Amanônia Real, por Gabriel Uchida, colaboração para a Amazônia Real
Porto Velho (RO) – Há mais de 15 anos, a cacique Mandeí Juma era uma adolescente no ritual de passagem da Menina Moça, festa tradicional das etnias Uru-Eu-Wau-Wau e Juma, que formaram laços matrimoniais no final dos anos 90. Na ocasião de seu rito de passagem, Mandeí ficou cerca de vinte dias absolutamente reclusa em uma rede. Seu principal pensamento durante este período era o mesmo: “Eu queria continuar a tradição e passar para os meus filhos e parentes”.
O tempo passou e a ideia da cacique prosseguiu. Já adulta, Mandeí organizou outras festas da Menina Moça. A primeira foi de sua sobrinha, Kunhãvé, em 2014. A segunda foi de sua própria filha, Tejuvi, em 11 de abril de 2016. No último dia 21 de maio foi a vez de outra sobrinha, Borep Juma Uru-Eu-Wau-Wau passar pelo rito de passagem.
Os Juma vivem em apenas uma aldeia às margens do rio Assuã, afluente do Purus, município de Canutama, no sul do Amazonas. Ao longo dos anos, o povo foi quase dizimado pela invasão de seu território por comerciantes de borracha, madeira e pescado.

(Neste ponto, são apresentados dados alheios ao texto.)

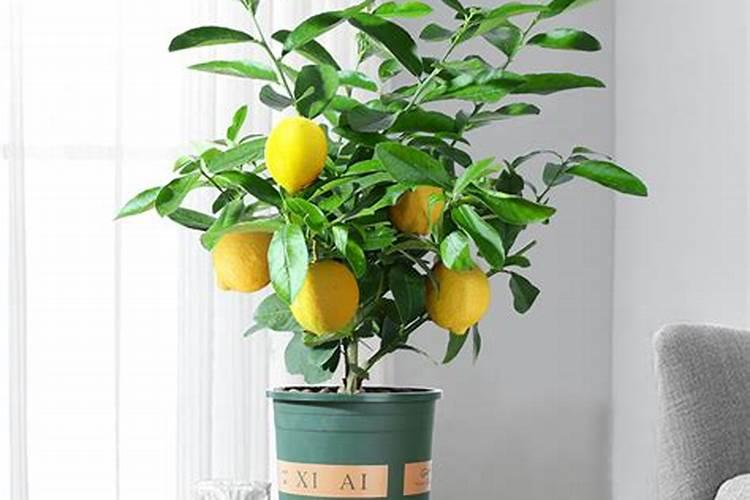 盆栽柠檬施什么肥最好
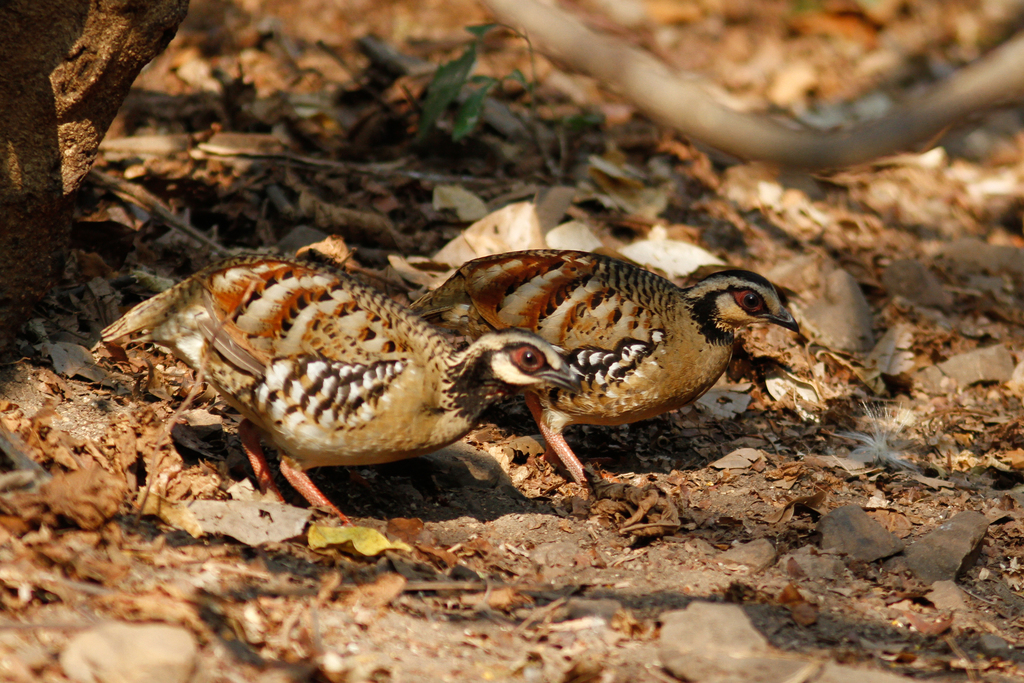 Bar-Backed Partridge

Hoje existem apenas quatro pessoas do grupo: Mandeí, seu pai Aruká, de 83 anos, e suas irmãs Maitá e Borehá. Elas casaram com índios Uru-Eu-Wau-Wau, cujo território fica em Rondônia, e a família cresceu.
Em 2008, os Juma e os Uru-eu-wau-wau casados mudaram para a Terra Indígena Juma, que é demarcada e homologada com 38.351 hectares. As florestas, rios e lagos, e a fauna são totalmente preservados.
A menina Borep é filha de Borehá Juma e Erowak Uru-Eu-Wau-Wau. O casal tem outros três filhos: Puré, Avip e Thiago Tembu (foto da família abaixo).
Com uma população tão reduzida, manter viva a tradição dos Juma é sobretudo um ato de resistência. Mesmo jovem, Puré Juma Uru-eu-wau-wau, de 15 anos, entende a responsabilidade: “A gente tem que continuar o que os nossos antepassados faziam e levar isso até a eternidade, é assim que eu planejo”.
O ritual da Menina Moça acontece logo após a primeira menstruação da garota, que deve passar cerca de vinte dias reclusa em uma rede, tendo contato apenas com a mãe, tia ou avó. Este período é para que o corpo dela se forme, pois ao sair já será uma mulher adulta. Veja abaixo o vídeo da festa produzido pela Kanindé:
Na noite anterior da festa, todos da aldeia se pintam com jenipapo, cantam e dançam. A música é para espantar os espíritos dos homens brancos que foram mortos em guerras com os indígenas e para proteger a garota de assombrações.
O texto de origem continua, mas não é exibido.